The despair at the inaction of Labor is growing louder. The groups they are supposed to represent are under attack and all we hear is endless support for Tony Abbott’s warmongering.

Labor have been gifted a first year of Abbott government that has been so bad that they should be seizing the opportunity to reshape themselves as a viable alternative but all we hear is “our policies will be revealed in good time before the next election and they will be fully costed” or “we aren’t the government”.

A quick look at the last few days news stories provide endless material that, for some unknown reason, Labor seems too ineffective to capitalise on.

Our Prime Minister for Women has delivered a budget which modelling shows that the worst hit – by far – will be women in low-income households.
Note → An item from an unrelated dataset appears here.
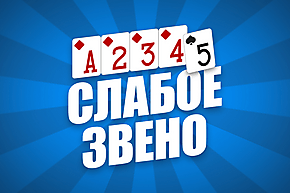 Слабое звено GipsyTeam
Just as Tony Abbott releases one of his ‘earnest and sincere’ videos saying that his government’s main motivations in future will be “protecting the vulnerable”, it might be opportune to point out that analysis, conducted by the Australia Institute, shows women in the poorest 20 per cent of households will be $2566 worse off in 2017 as a result of the budget. Women in the wealthiest 20 per cent of households will be only $77 worse off on average in 2017.

Or perhaps, as our Prime Minister for Indigenous Affairs jets off on his long-awaited trip to Arnhem Land, it might be worth mentioning the report in the SMH saying

Tony Abbott’s takeover of indigenous affairs is in “disarray“, public service insiders allege, with hundreds of specialist public servants retrenched, funding and programs stalled and staff morale in the “doldrums”.

Senior leaders in the Prime Minister and Cabinet department’s Indigenous Affairs Group have based themselves in Canberra’s dress circle, nearly 10 kilometres away from their rank-and-file workers, who are still reeling after repeated restructures to their workplaces.”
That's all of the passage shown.